(Records drawn from a dataset)

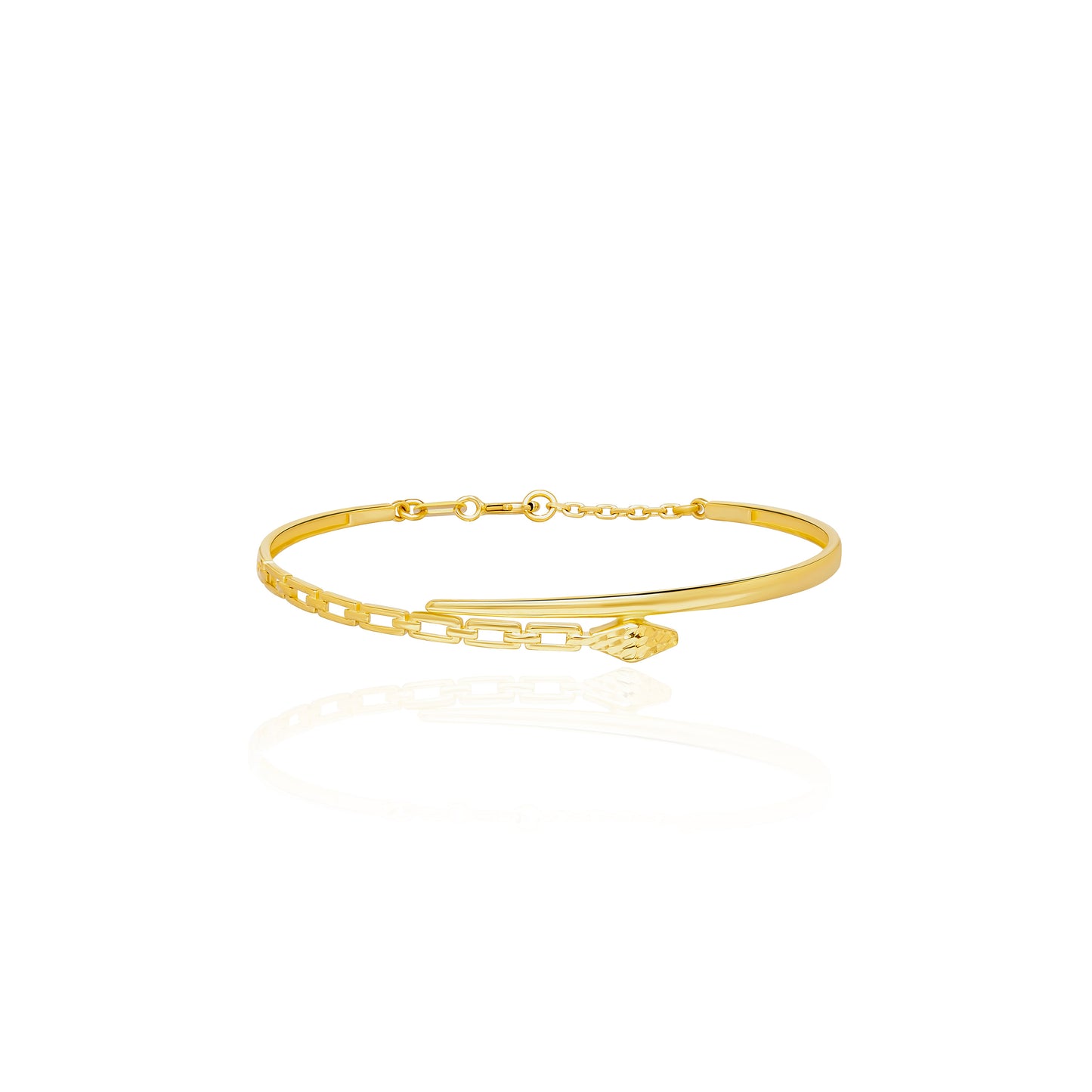 18K Pure Gold Kids Bangle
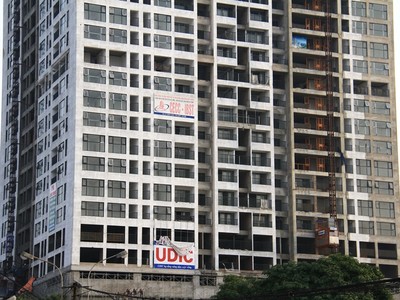 Dự án Tokyo Tower trước đây có tên là  Hanoi Landmark 51 Tower. Ảnh: Thành Nguyễn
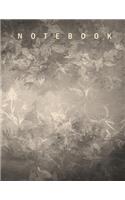Notebook: Wide Ruled - 8.5 x 11 Inches - 100 Pages - Gothic Gray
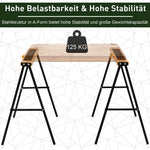 Folding Sawhorse Stand Non-Slip 125 kg Load Capacity, Orange/Black Steel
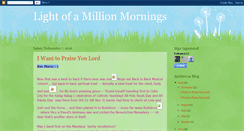 Desktop Screenshot of lightofamillion.blogspot.com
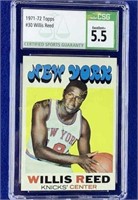 Graded 1971 Willis Reed basketball card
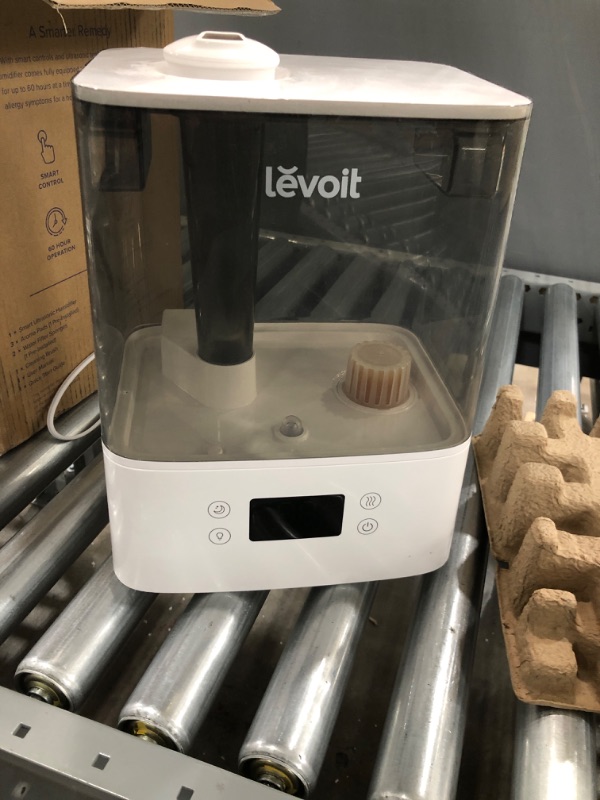 Photo 2 of LEVOIT Humidifiers for Bedroom Large Room Home, Smart Wifi Alexa Control, 6L Top Fill Cool Mist for Baby and Plants, Ultrasonic, Essential Oil Diffuser, Customized Humidity, Night Light, Quiet, Gray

→ Problem details:
Give every record again exactly, apart from the pictures, which stay out.

→ Written answer:
 18K Pure Gold Kids Bangle
 Dự án Tokyo Tower trước đây có tên là  Hanoi Landmark 51 Tower. Ảnh: Thành Nguyễn
Notebook: Wide Ruled - 8.5 x 11 Inches - 100 Pages - Gothic Gray
 Folding Sawhorse Stand Non-Slip 125 kg Load Capacity, Orange/Black Steel
 Desktop Screenshot of lightofamillion.blogspot.com
 Graded 1971 Willis Reed basketball card
 Photo 2 of LEVOIT Humidifiers for Bedroom Large Room Home, Smart Wifi Alexa Control, 6L Top Fill Cool Mist for Baby and Plants, Ultrasonic, Essential Oil Diffuser, Customized Humidity, Night Light, Quiet, Gray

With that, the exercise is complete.